**PROBLEM:** Leaving the images out, output each entry below exactly.

**WORKING DATA:**

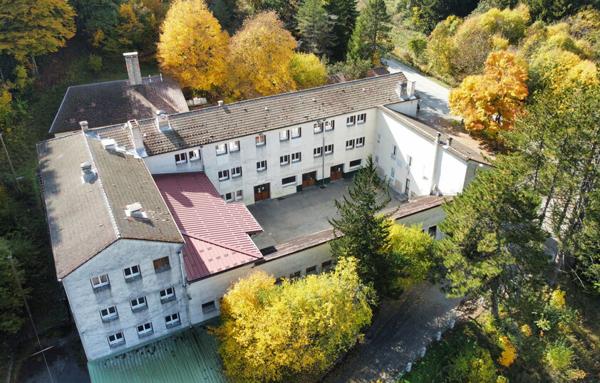 Immeuble de 1 686 m²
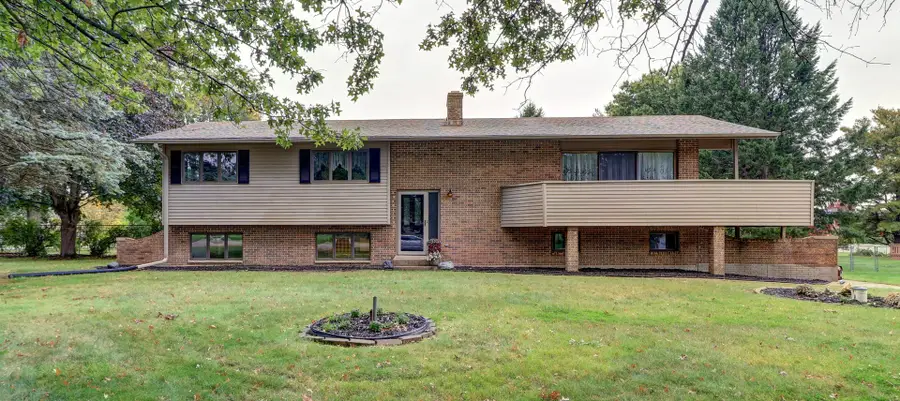 3801 19th Avenue, Sterling, IL 61081 - #2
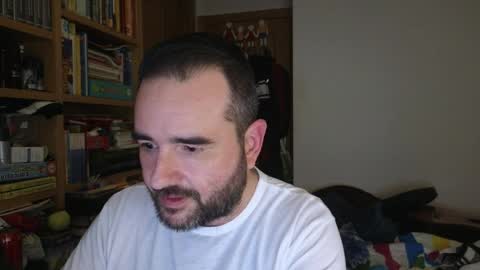 curiosillo1983 online show from April 2026 08:56:01 AM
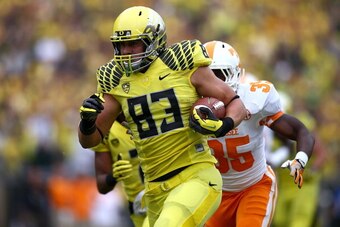 EUGENE, OR - SEPTEMBER 14:  Johnny Mundt #83 of the Oregon Ducks runs the ball against the Tennessee Volunteers on September 14, 2013 at the Autzen Stadium in Eugene, Oregon.  (Photo by Jonathan Ferrey/Getty Images)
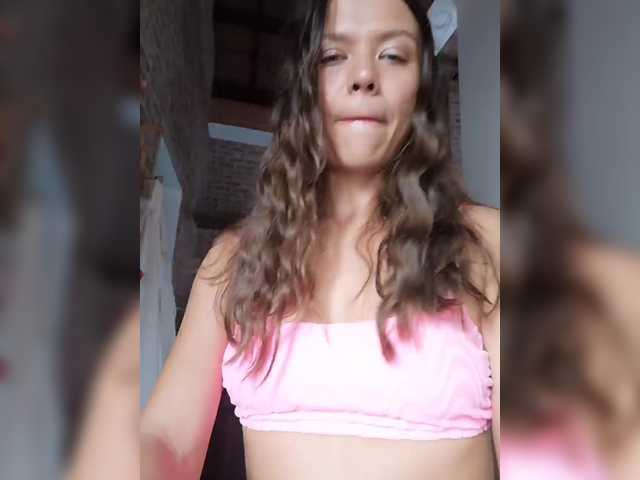 Malisha8's BongaCams show and profile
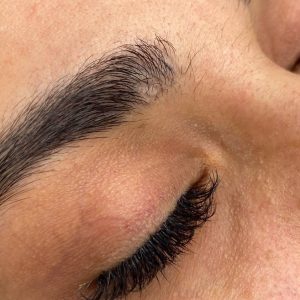 خدمات اکستنشن مژه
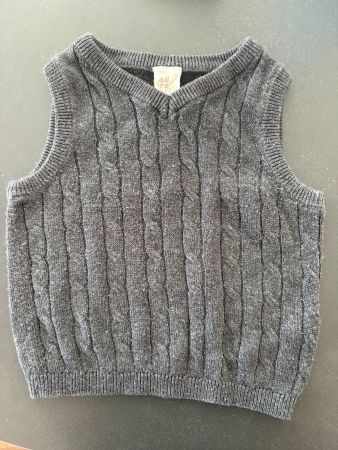 H&M Gilet grau gestrickt Grösse 74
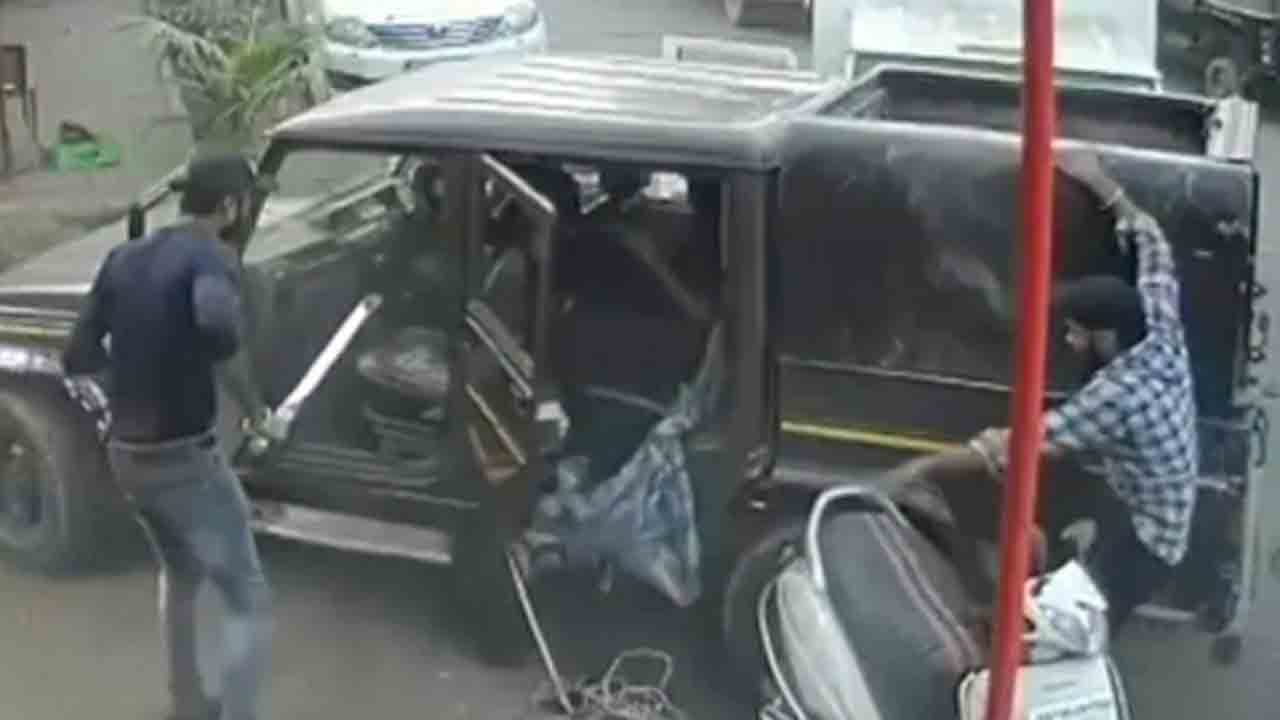 Watch: వ్యక్తిపై కత్తితో దాడి చేసి కిడ్నాప్‌.. స్థానికులను భయపెట్టేందుకు గాల్లోకి కాల్పులు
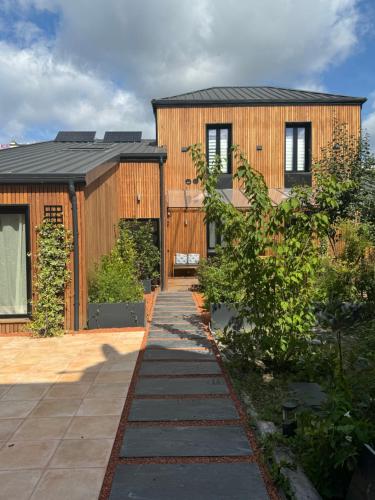 Chalet urbain-150m2 jardin privatif-15mn de Paris in Льо Бурже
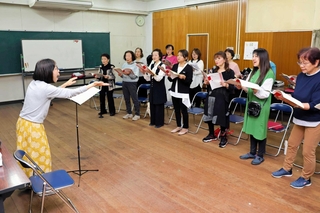 ６０周年記念の演奏会に向けて練習に励むハマーコーラスのメンバー＝洲本市山手３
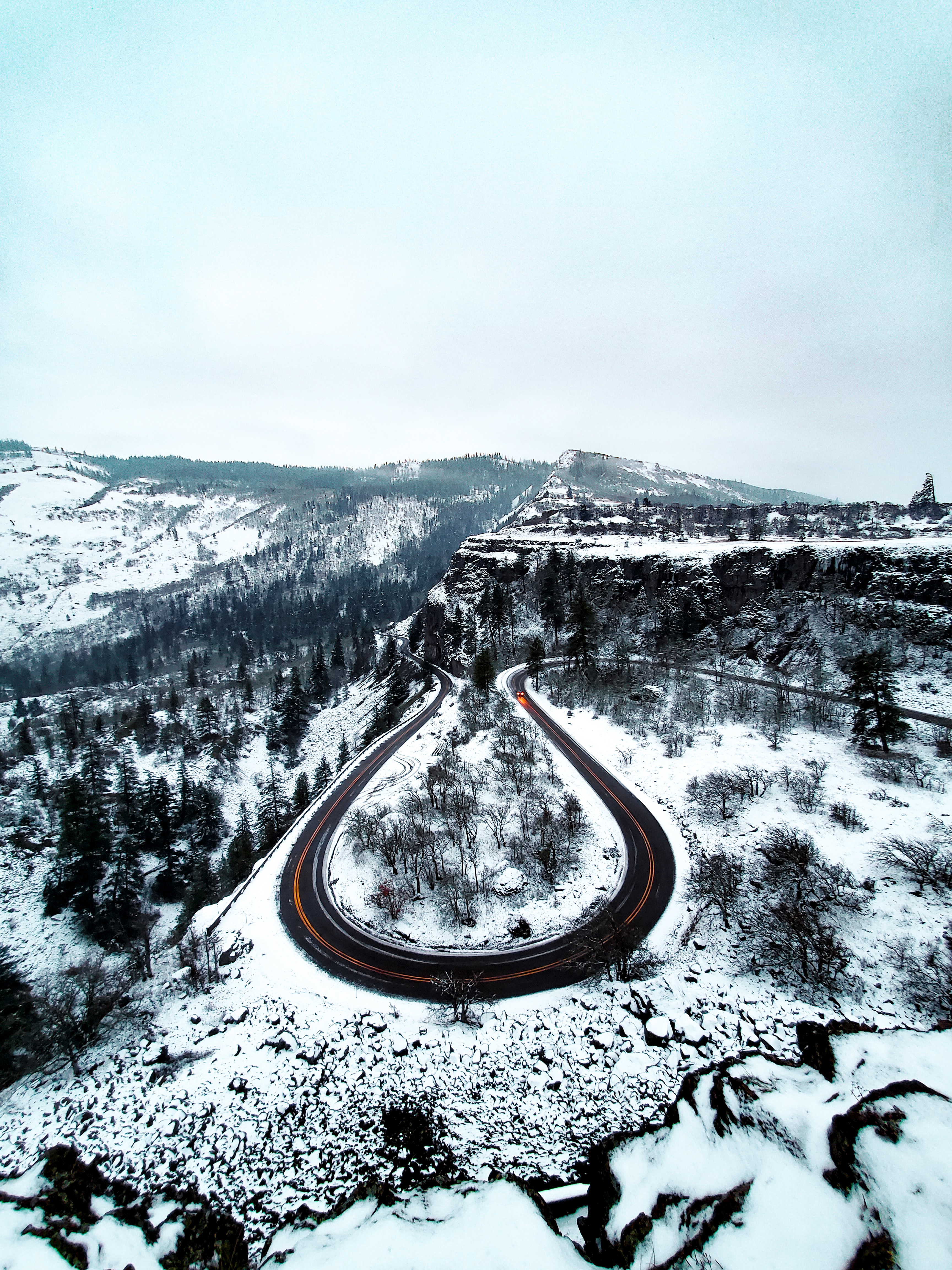 snow-covered-mountain-3608629.jpg 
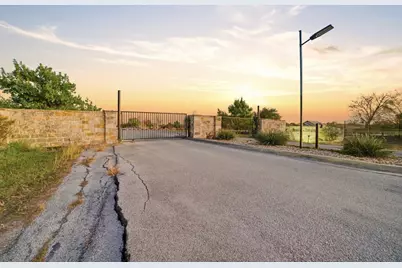 7758 Newman Boulevard, Kyle, TX 78640 - Photo 20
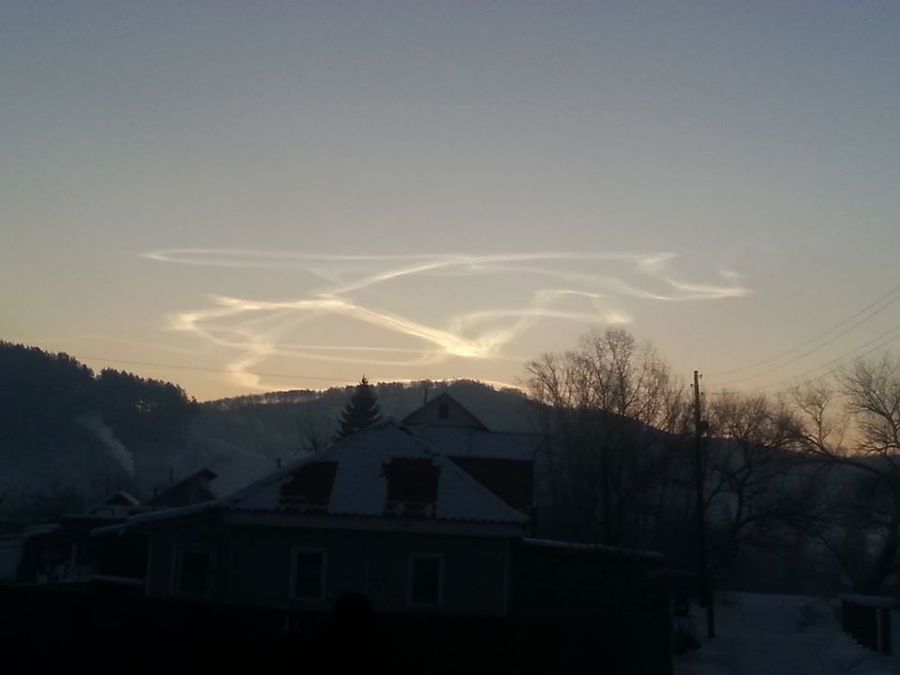 Author: Igor Ivanitsky

December 14, 2014. · 

Intricate patterns in the sky, it was possible to observe today, from Kupchegen to Barnaul.
Translated by «Yandex.Translator»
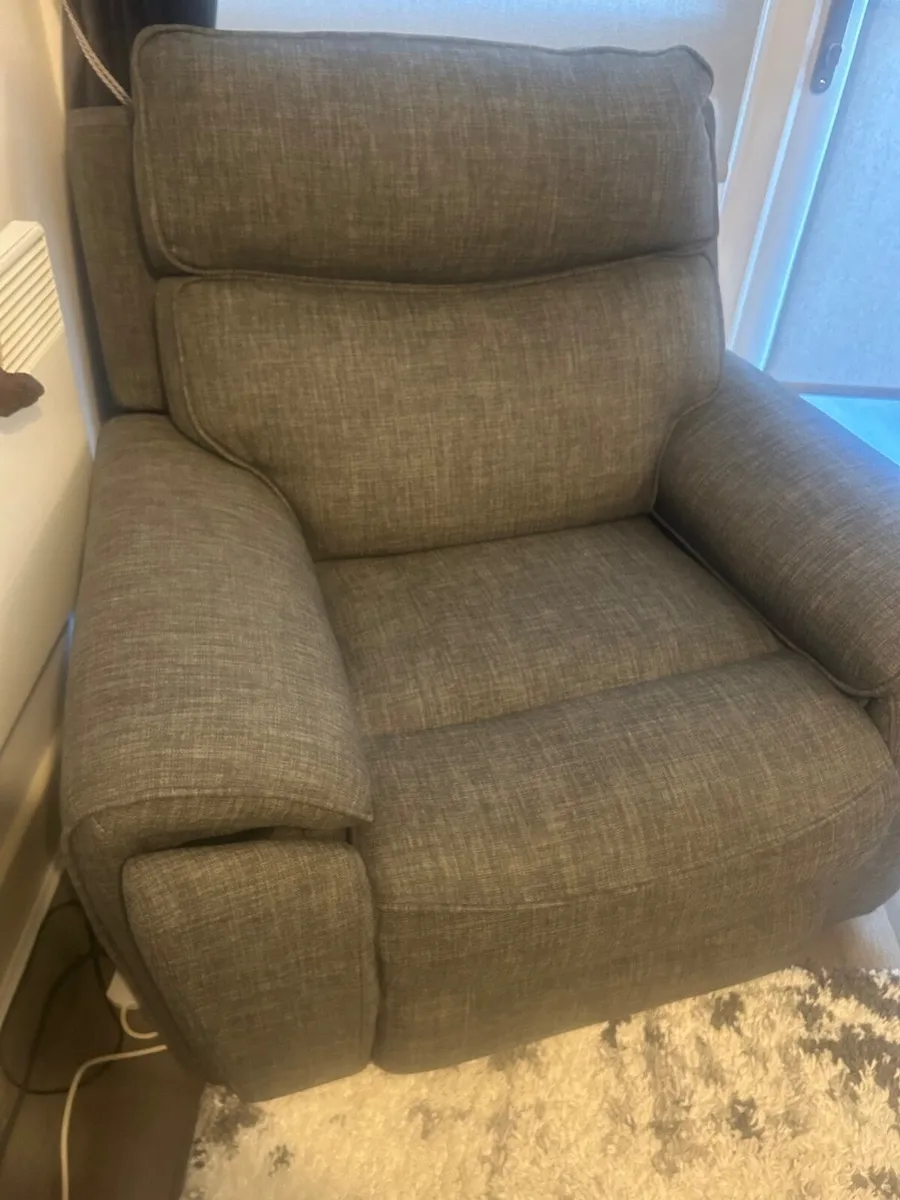 Recliner - Image 4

**RESULT:**
 Immeuble de 1 686 m²
 3801 19th Avenue, Sterling, IL 61081 - #2
 curiosillo1983 online show from April 2026 08:56:01 AM
 EUGENE, OR - SEPTEMBER 14:  Johnny Mundt #83 of the Oregon Ducks runs the ball against the Tennessee Volunteers on September 14, 2013 at the Autzen Stadium in Eugene, Oregon.  (Photo by Jonathan Ferrey/Getty Images)
 Malisha8's BongaCams show and profile
 خدمات اکستنشن مژه
 H&M Gilet grau gestrickt Grösse 74
 Watch: వ్యక్తిపై కత్తితో దాడి చేసి కిడ్నాప్‌.. స్థానికులను భయపెట్టేందుకు గాల్లోకి కాల్పులు
 Chalet urbain-150m2 jardin privatif-15mn de Paris in Льо Бурже
 ６０周年記念の演奏会に向けて練習に励むハマーコーラスのメンバー＝洲本市山手３
 snow-covered-mountain-3608629.jpg 
 7758 Newman Boulevard, Kyle, TX 78640 - Photo 20
 Author: Igor Ivanitsky

December 14, 2014. · 

Intricate patterns in the sky, it was possible to observe today, from Kupchegen to Barnaul.
Translated by «Yandex.Translator»
 Recliner - Image 4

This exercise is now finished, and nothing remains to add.